Kolizja w Piekarach Śląskich
Alkohol i kierownica to beznadziejne połączenie. Boleśnie przekonała się o tym 39-latka, która w ostatni weekend spowodowała kolizję w Piekarach. Samej kobiecie na szczęście nic poważnego się nie stało. Konsekwencje były jednak dotkliwe...
Do zdarzenia doszło w niedzielę, 26 stycznia. Około godziny 20:00 na ulicy Podmiejskiej samochód wjechał w wiadukt. Policjantom udało się ustalić, iż kierująca osobówką nie dostosowała prędkości do panujących warunków. Kobieta straciła panowanie nad pojazdem i uderzyła w wiadukt. Na tym nie koniec. Badanie na obecność alkoholu wskazało u niej ponad dwa promile alkoholu.
Prowadzącej nie ominęła kara. Za spowodowaną kolizję otrzymała mandat opiewający na 3 000 zł. Pożegnała się z zatrzymanym prawem jazdy oraz dowodem rejestracyjnym samochodu. Będzie także odpowiadać przed prokuratorem i sądem. Mundurowi ostrzegają, że z karami czekającymi prowadzących "na podwójnym gazie" naprawdę trzeba się liczyć.
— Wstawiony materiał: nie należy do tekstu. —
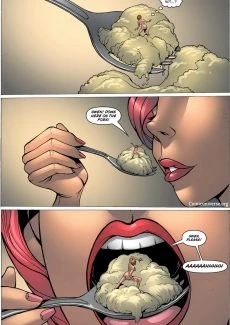 Vore Fan- A Royal Dilemma (14)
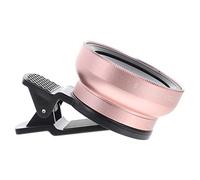 Angoily Ultra Wide Angle Lens Macro One for Mobile Phone Wide-angle Phone Lens Macro Wide-angle for Travel and Photography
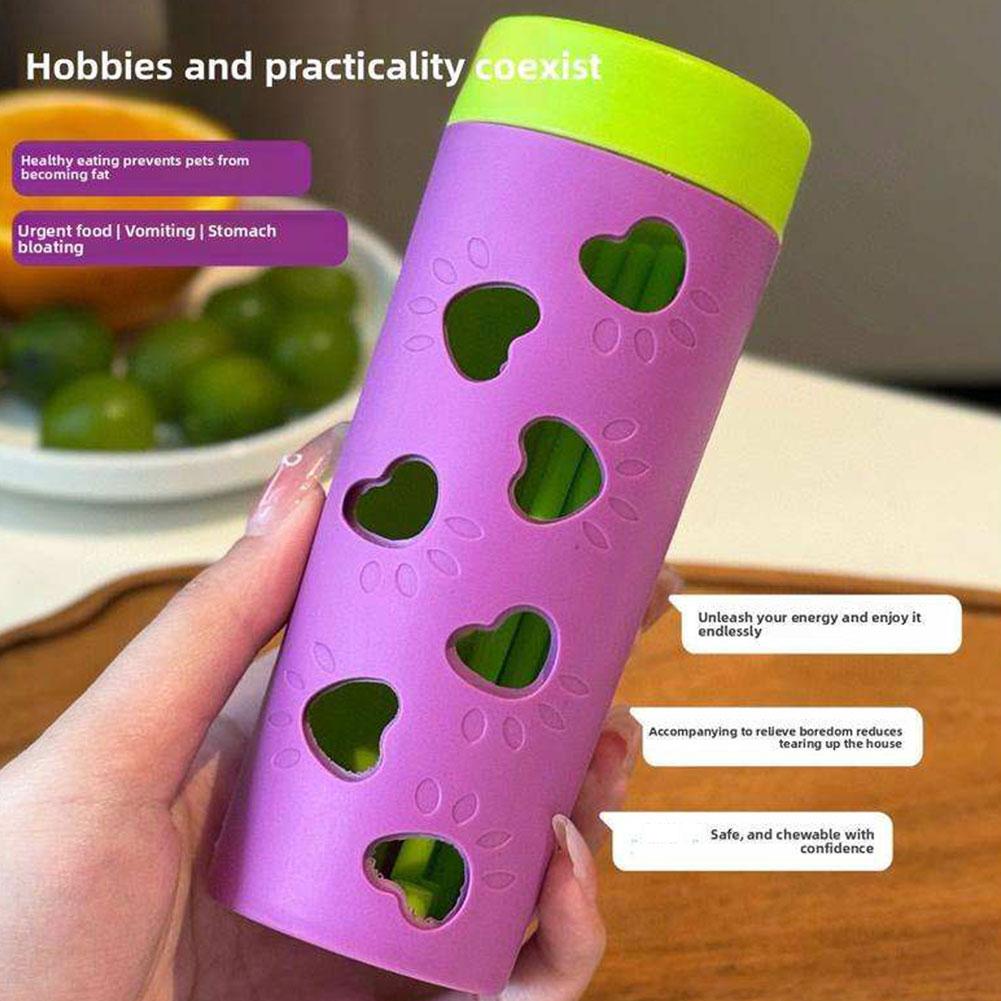 Dispenser interattivo e stacca - Dog Puzzle Feeder Toy recensione e prezzo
Przypominamy, że kierowanie pojazdem w stanie nietrzeźwości jest przestępstwem zagrożonym karą do 3 lat więzienia. Wobec sprawcy takiego przestępstwa sąd ma obowiązek orzec zakaz prowadzenia pojazdów na minimum 3 lata oraz świadczenie pieniężne na rzecz Funduszu Pomocy Pokrzywdzonym, oraz Pomocy Postpenitencjarnej w kwocie nie niższej niż 5 000 złotych. Kolejną dolegliwością jest wyznaczana przez sąd kara grzywny czy podanie wyroku do publicznej wiadomości. Zatrzymywane prawo jazdy w wielu przypadkach wiąże się również z utratą pracy. Ponadto sprawcy nie mogą liczyć na wypłatę odszkodowania przez ubezpieczyciela z tytułu OC, w razie uczestniczenia w zdarzeniu drogowym - podają funkcjonariusze.